- Task statement: Below are several entries. Transcribe exactly those lines that fall from the one with "A well-lit bedroom" through the one with "Patio connecting Latimer St to the gardens", end lines included.

Dataset excerpts:
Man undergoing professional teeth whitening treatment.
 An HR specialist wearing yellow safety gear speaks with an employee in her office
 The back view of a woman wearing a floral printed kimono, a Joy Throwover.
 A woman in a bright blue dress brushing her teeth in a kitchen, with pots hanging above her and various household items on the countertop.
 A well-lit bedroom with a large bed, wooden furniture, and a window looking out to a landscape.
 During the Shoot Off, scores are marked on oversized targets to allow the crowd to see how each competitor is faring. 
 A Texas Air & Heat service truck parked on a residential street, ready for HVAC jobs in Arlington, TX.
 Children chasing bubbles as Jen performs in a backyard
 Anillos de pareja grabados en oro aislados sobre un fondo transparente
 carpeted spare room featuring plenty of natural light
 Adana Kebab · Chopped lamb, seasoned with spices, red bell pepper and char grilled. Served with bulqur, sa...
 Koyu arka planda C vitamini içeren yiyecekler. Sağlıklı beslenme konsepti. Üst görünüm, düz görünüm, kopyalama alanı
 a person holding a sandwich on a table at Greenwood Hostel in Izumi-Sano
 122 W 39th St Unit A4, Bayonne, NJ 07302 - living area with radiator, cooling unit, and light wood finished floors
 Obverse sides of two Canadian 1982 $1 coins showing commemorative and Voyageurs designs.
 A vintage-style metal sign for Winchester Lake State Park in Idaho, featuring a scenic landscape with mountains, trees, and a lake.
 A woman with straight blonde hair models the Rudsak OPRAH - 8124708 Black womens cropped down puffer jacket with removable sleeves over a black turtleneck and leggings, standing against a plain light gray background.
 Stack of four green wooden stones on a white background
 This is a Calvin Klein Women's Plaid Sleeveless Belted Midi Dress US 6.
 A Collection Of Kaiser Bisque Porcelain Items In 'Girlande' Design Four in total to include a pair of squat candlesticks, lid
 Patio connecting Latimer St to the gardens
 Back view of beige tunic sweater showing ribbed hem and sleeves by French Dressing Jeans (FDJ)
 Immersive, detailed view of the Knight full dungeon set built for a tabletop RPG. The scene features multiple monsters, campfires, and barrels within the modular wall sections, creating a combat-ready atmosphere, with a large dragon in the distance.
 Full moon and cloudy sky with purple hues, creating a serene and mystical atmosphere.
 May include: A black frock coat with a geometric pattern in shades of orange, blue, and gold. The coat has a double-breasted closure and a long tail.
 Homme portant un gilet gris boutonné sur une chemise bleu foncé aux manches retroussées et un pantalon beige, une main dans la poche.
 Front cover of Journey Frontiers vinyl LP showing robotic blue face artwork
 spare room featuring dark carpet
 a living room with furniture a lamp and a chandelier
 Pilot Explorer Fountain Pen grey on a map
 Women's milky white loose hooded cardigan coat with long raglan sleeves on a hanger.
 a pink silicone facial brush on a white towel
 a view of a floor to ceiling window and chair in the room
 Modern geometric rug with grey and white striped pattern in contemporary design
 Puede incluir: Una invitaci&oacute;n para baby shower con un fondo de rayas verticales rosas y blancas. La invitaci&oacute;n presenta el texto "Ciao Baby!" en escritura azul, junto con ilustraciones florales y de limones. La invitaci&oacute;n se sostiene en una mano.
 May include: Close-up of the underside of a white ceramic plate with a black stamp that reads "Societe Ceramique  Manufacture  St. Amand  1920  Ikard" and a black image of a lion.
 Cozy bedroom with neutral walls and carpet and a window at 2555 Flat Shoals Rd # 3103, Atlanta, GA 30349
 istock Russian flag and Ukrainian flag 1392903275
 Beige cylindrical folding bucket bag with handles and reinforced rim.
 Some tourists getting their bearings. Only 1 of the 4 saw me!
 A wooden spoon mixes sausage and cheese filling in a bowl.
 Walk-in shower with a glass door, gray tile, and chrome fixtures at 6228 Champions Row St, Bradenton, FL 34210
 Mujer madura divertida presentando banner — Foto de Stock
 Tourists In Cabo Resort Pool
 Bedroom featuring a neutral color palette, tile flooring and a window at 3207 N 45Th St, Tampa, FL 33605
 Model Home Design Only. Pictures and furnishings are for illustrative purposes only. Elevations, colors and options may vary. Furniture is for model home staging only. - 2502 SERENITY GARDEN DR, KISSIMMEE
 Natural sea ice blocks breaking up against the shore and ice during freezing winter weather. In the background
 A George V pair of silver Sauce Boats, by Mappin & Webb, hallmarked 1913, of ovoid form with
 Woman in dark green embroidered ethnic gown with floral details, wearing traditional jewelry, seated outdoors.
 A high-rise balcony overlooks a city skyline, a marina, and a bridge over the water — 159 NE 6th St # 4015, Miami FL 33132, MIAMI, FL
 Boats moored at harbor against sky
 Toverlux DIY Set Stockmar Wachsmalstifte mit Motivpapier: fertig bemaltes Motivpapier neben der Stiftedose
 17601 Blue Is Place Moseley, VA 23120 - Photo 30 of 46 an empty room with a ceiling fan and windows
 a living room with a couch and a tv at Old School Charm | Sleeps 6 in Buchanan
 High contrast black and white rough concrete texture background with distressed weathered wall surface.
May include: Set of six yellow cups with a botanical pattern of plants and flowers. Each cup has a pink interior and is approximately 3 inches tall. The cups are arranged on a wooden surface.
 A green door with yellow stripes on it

- Problem solution:
 A well-lit bedroom with a large bed, wooden furniture, and a window looking out to a landscape.
 During the Shoot Off, scores are marked on oversized targets to allow the crowd to see how each competitor is faring. 
 A Texas Air & Heat service truck parked on a residential street, ready for HVAC jobs in Arlington, TX.
 Children chasing bubbles as Jen performs in a backyard
 Anillos de pareja grabados en oro aislados sobre un fondo transparente
 carpeted spare room featuring plenty of natural light
 Adana Kebab · Chopped lamb, seasoned with spices, red bell pepper and char grilled. Served with bulqur, sa...
 Koyu arka planda C vitamini içeren yiyecekler. Sağlıklı beslenme konsepti. Üst görünüm, düz görünüm, kopyalama alanı
 a person holding a sandwich on a table at Greenwood Hostel in Izumi-Sano
 122 W 39th St Unit A4, Bayonne, NJ 07302 - living area with radiator, cooling unit, and light wood finished floors
 Obverse sides of two Canadian 1982 $1 coins showing commemorative and Voyageurs designs.
 A vintage-style metal sign for Winchester Lake State Park in Idaho, featuring a scenic landscape with mountains, trees, and a lake.
 A woman with straight blonde hair models the Rudsak OPRAH - 8124708 Black womens cropped down puffer jacket with removable sleeves over a black turtleneck and leggings, standing against a plain light gray background.
 Stack of four green wooden stones on a white background
 This is a Calvin Klein Women's Plaid Sleeveless Belted Midi Dress US 6.
 A Collection Of Kaiser Bisque Porcelain Items In 'Girlande' Design Four in total to include a pair of squat candlesticks, lid
 Patio connecting Latimer St to the gardens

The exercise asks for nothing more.